Человек привыкает и к горю, оно становится обычным явлением. К тому же не она одна горюет — почти в каждом доме лежат похоронки.

Те четыре счастливых года с Коспаном представляются ей сейчас увиденным когда-то сказочно-прекрасным миражом. Она по-прежнему вспоминает о них, как дети долгой зимой вспоминают весеннюю ярмарку.

Правда, все-таки что-то переменилось в ее жизни по сравнению с годами сиротства. Как ни клади, но все-таки есть в ее сегодня какой-то важный смысл, есть борьба. Иначе откуда такое упорство? Даже если Коспан не вернется, она будет хранить его очаг и воспитает его сына порядочным человеком.

Жанель была молода и сильна. Она не страшилась никакой работы, и каждый кусок сахара, который ей удавалось добыть для Мурата, каждая ситцевая рубашонка приносили ей радость. Сын рос веселым, крепким мальчишкой, и он так напоминал ей отца.

С фронта начали приходить обнадеживающие вести, и люди повеселели. В самые лютые морозы они собирались в промерзших домах. Они чувствовали, что ведут общую борьбу, и поэтому жаждали общей радости. Липкий военный хлеб и жидкая похлебка из проса казались им лакомствами пышного тоя. Пели песни и утешали тех, у кого в доме лежала «черная бумага», и даже у этих несчастных появлялась слабая надежда.

Жанель тоже ходила иногда на бедные праздники и даже пела вместе с другими женщинами. Пела она и дома, когда укладывала Мурата спать, пела разные немудреные забавные песенки, которые сочиняла для него сама, пела иной раз что-то неопределенное и самой себе, забывшись, когда Мурат уже сладко посапывал во сне. Пела она и в тот вечер.
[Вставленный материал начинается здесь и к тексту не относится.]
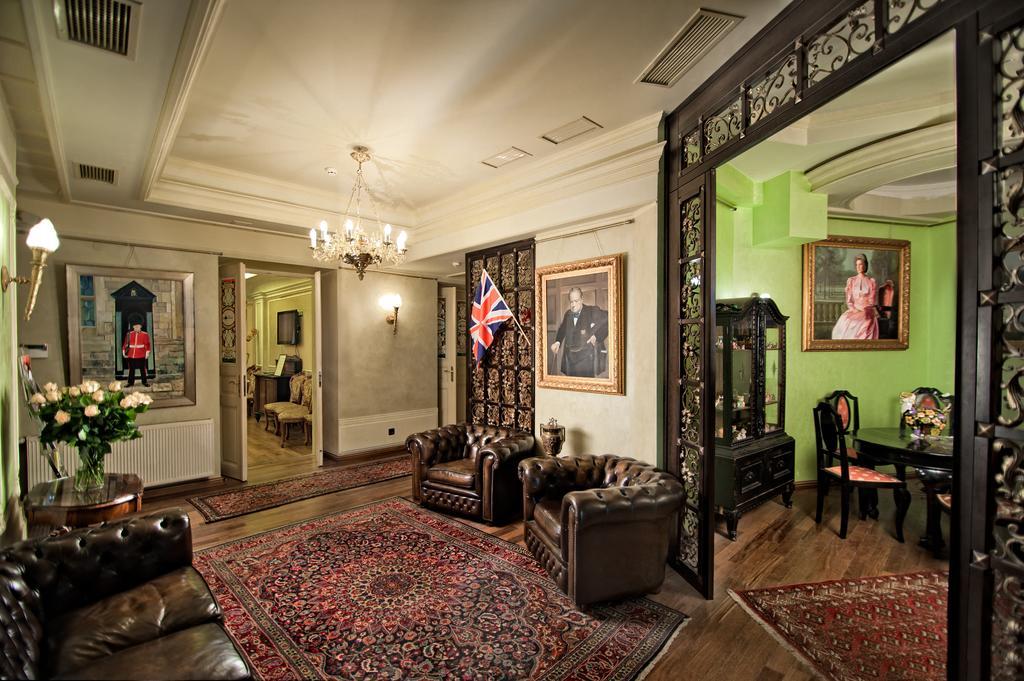 Hotel British Club Lviv Extérieur photo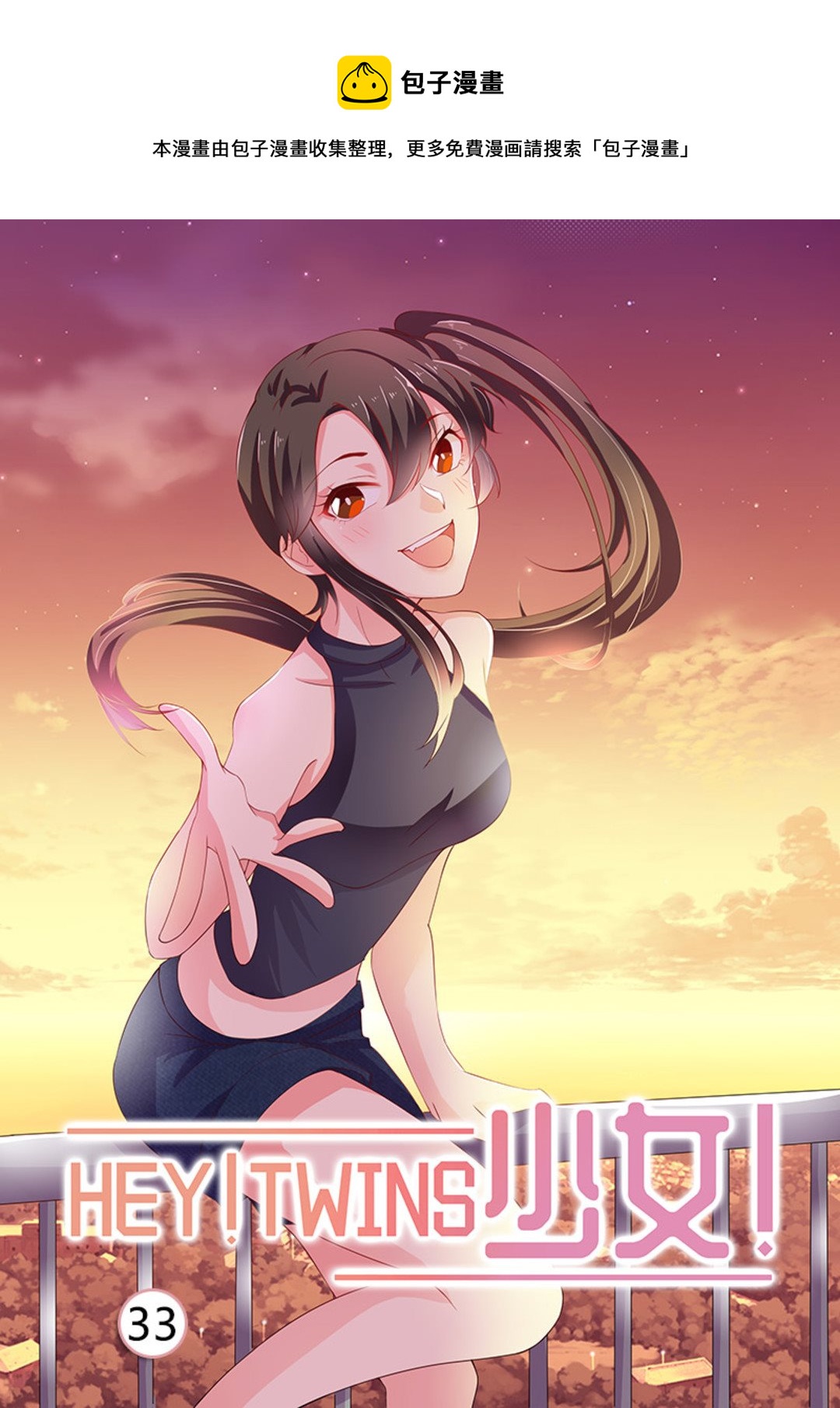 第33集(HEY！TWINS少女)-第33话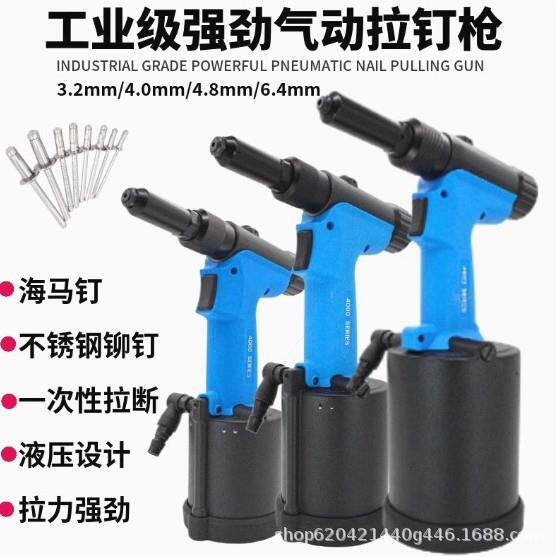 工业级全自动气动拉钉枪气动铆钉枪抽芯铆钉枪不锈钢拉钉枪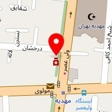 مرکز توانبخشی نوید عصر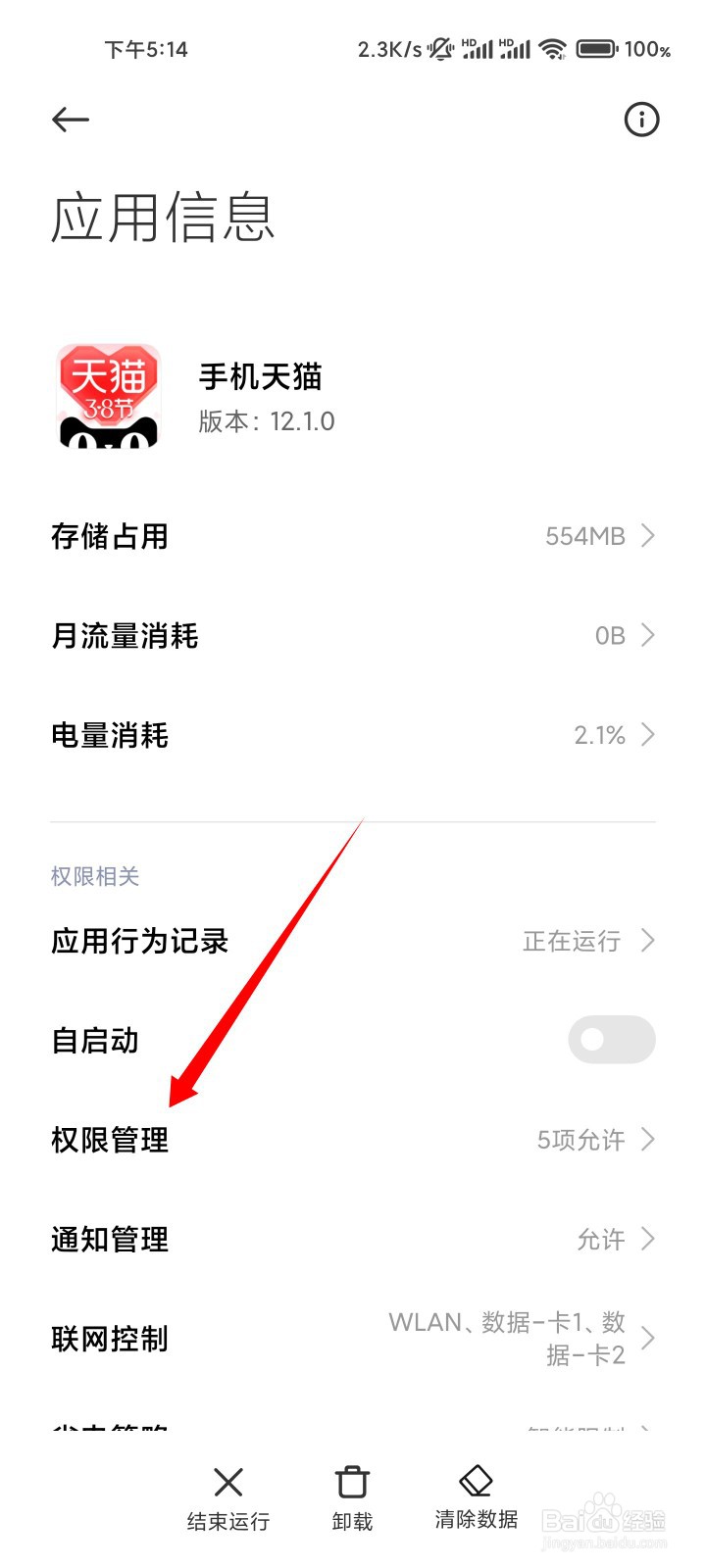 怎么关闭手机天猫的常驻通知功能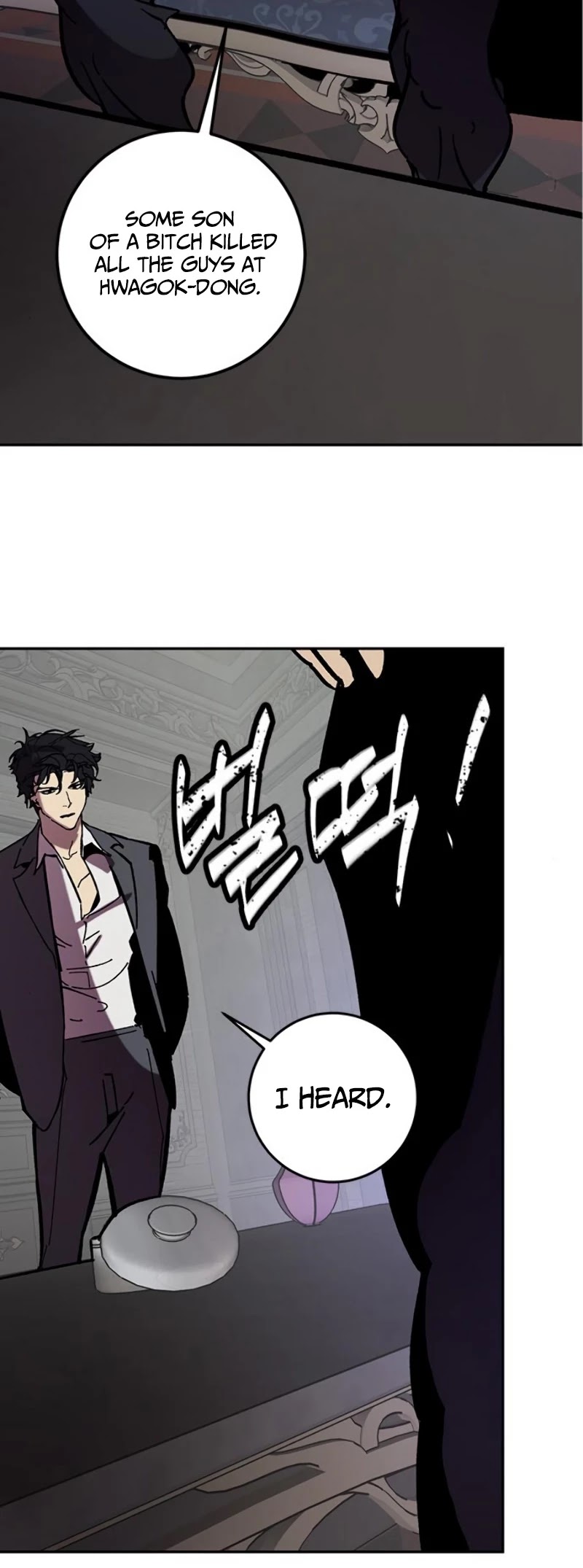 Read Return To Player Manga Online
— Вечер добрый! — вдруг близко прогудел грубый мужской голос. Она вздрогнула. В облаке морозного пара в комнату влез некто огромный, грузный, в тяжелой шубе. В мерцающем свете тускло блеснули маленькие, словно подернутые сальной пленкой глазки, обозначились забеленные инеем черные усы. Жаппасбай...

«Господи, какой черт его принес?» — подумала Жанель.

Какую должность занимал в районе Жаппасбай, Жанель не знала, знала лишь, что он важная птица. Обычно он всегда появлялся, когда собирали людей для какого-нибудь срочного дела. Появлялся и командовал, распоряжался отрывисто, словно лаял. Даже с районным начальством у него разговор был короткий.

— Подкинь-ка мне людишек десятка два, — говорил он и возражений не слушал.

Когда он, важно закинув голову, скрестив на своем объемистом заду руки, появлялся из переулка, начальники учреждений хватались за головы — «опять всех людей заберет».